- 発売日: 1981年8月
- ジャンル: New Wave、シンセポップ、ポストパンク
Devoの4作目となるNew Traditionalistsは、彼らの「脱進化」哲学をよりシリアスなトーンで表現した作品であり、1980年代初頭のニュー・ウェーブシーンにおいて独自の進化を遂げた。このアルバムでは、彼らのアイロニーと風刺の鋭さが際立ち、無機質なシンセと冷徹なリズムが聴く者に不安と警戒感を抱かせる一方で、前作Freedom of Choiceのメロディックな要素を受け継ぎながらも、よりダークで硬質なサウンドに仕上がっている。Devoはこの作品で、アメリカ文化と社会のあり方を徹底的に皮肉り、テクノロジーに支配される人間の「進化」の行き詰まりを描く。
New Traditionalistsのリリース時、Devoは象徴的なエネルギードーム(円盤型の帽子)をかぶり、未来的で冷淡なパフォーマンスを行うことで、テクノロジーと人間の無情な関係を体現していた。このアルバムは、彼らのサウンドがさらに熟成され、80年代のポップシーンにおける一つの象徴とも言えるべき作品となっている。
トラック解説
1. Through Being Cool
アルバムの幕開けを飾るこの曲は、Devoらしい風刺に満ちた一曲で、社会的なプレッシャーや「クール」であることへの批判が込められている。重厚なシンセと鋭いギターリフが絡み合い、”We’re through being cool”というフレーズが何度も繰り返されることで、現代社会への無関心や疎外感を表現している。
2. Jerkin’ Back ‘n’ Forth
シンセサウンドが特徴的なアップテンポの曲で、繰り返されるフレーズがキャッチーながらも、不条理でコミカルな雰囲気を醸し出している。恋愛や人間関係の表面的なやりとりを皮肉り、その軽薄さと矛盾を暗示している。
3. Pity You
モノトーンなメロディに乗せて「同情」の表面的な意味を掘り下げる。冷ややかなボーカルと控えめなリズムが、個人が抱える孤独感と共感の欠如を示しており、人間関係の機械的な側面を表現している。
4. Soft Things
静かに進行するシンセとリズムが繊細な印象を与えるが、歌詞では物事の「柔らかい面」に対する懐疑や不信感が表現されている。
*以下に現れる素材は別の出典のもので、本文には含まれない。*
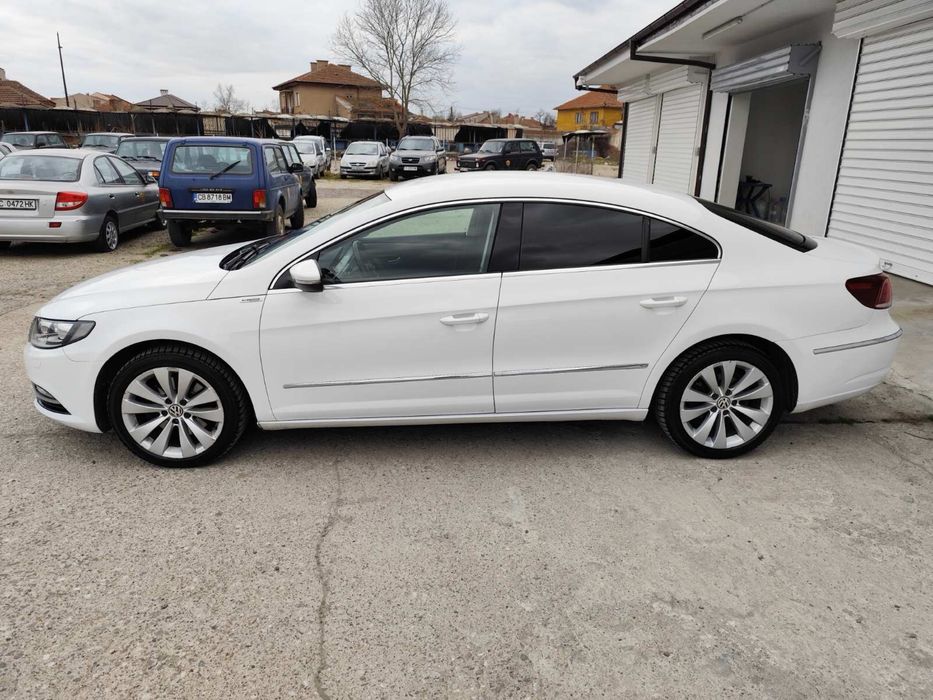 Volkswagen CC 2000TDI(170)DSG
柔らかなもの、弱いものを受け入れない社会の冷酷さが垣間見える一曲である。
5. Going Under
スローで暗い雰囲気を持つこの曲は、自己崩壊や無力感について歌われており、Devoの中でも特に重厚なテーマが扱われている。シンセの冷たい音色が、社会からの疎外感や人間の無力さを強調し、徐々に「沈んでいく」感覚を生み出している。
6. Race of Doom
激しいビートとシンセの旋律が駆け抜けるようなスピード感を生み、社会における無意味な競争の過酷さを象徴している。現代社会の「勝ち組」になるための無駄な競争を冷たく見つめ、機械的に繰り返されるリズムがその無力感を表現する。
7. Love Without Anger
ポップなメロディとユーモアが混じり合った曲で、愛情の中に怒りがない状態を皮肉っている。表面上の愛情だけが存在する関係を描写し、真の感情が存在しない冷えた世界を表しているのがDevoらしい。
8. The Super Thing
低音のリフとリズムがエネルギッシュに展開され、まるで「スーパーヒーロー」のように世界を変える「何か」を待ち望む姿を描いている。しかしその待望はむなしく響き、空虚な期待が現代社会に浸透している様を風刺的に表現している。
9. Beautiful World
New Traditionalistsの中でも特に人気のある一曲で、軽快なシンセポップ調のメロディが、皮肉たっぷりに「美しい世界」について歌っている。映像や広告で繰り返される「美しい」未来像の裏にある虚無感を、Devoは冷ややかに暴露している。サウンドはポップだが、歌詞には暗いメッセージが込められており、聞けば聞くほどその二面性に気づかされる。
10. Enough Said
力強いリズムとボーカルが終末的な印象を与えるアルバムのラストトラック。語り尽くされた、または語る必要がないという意味合いのタイトルが示すように、全体のテーマがここで凝縮され、Devoのメッセージが集約されている。
アルバム総評
New Traditionalistsは、Devoがこれまでに築き上げてきた「脱進化」のテーマをさらに突き詰め、社会の表層的な価値観に鋭いメスを入れている。無機質でメカニカルなシンセサウンドに冷ややかなボーカルが乗り、時にユーモアを交えながらも、一貫して人間の選択や価値観に対する疑問を投げかけている。Freedom of Choiceのポップさは引き継がれつつも、シリアスさと暗さが増し、Devoの哲学がさらに成熟した作品といえる。現代社会に対するDevoの風刺が、1980年代を超えて今でも鋭く響き、リスナーに考えさせられる一枚である。
このアルバムが好きな人におすすめの5枚
- Architecture & Morality by Orchestral Manoeuvres in the Dark
シンセサウンドとポストパンク的な冷たさが融合したアルバム。人間の感情や社会の疎外感を描くアプローチが、New Traditionalistsに共通する。 - Scary Monsters (and Super Creeps) by David Bowie
ボウイのアート・ロック的なアプローチで、現代社会への批判が込められている。Devoと同じく風刺的なテーマと、鋭いビートが共鳴する。 - Songs of Faith and Devotion by Depeche Mode
人間の欲望や弱さをシンセサウンドで描いた一枚。Devoの無機質なアプローチと共通する暗さと、宗教的なテーマが特徴。 - Tin Drum by Japan
エレクトロニカとポストパンクを融合させたサウンドで、Devoと同じく冷ややかな社会観を感じさせる。デジタルなビートが無機質な世界を作り上げている。 - The Golden Age of Wireless by Thomas Dolby
テクノロジーや現代社会への皮肉が込められたニュー・ウェーブ作品。シンセサウンドが未来的で、Devoの冷静な視点と似通っている。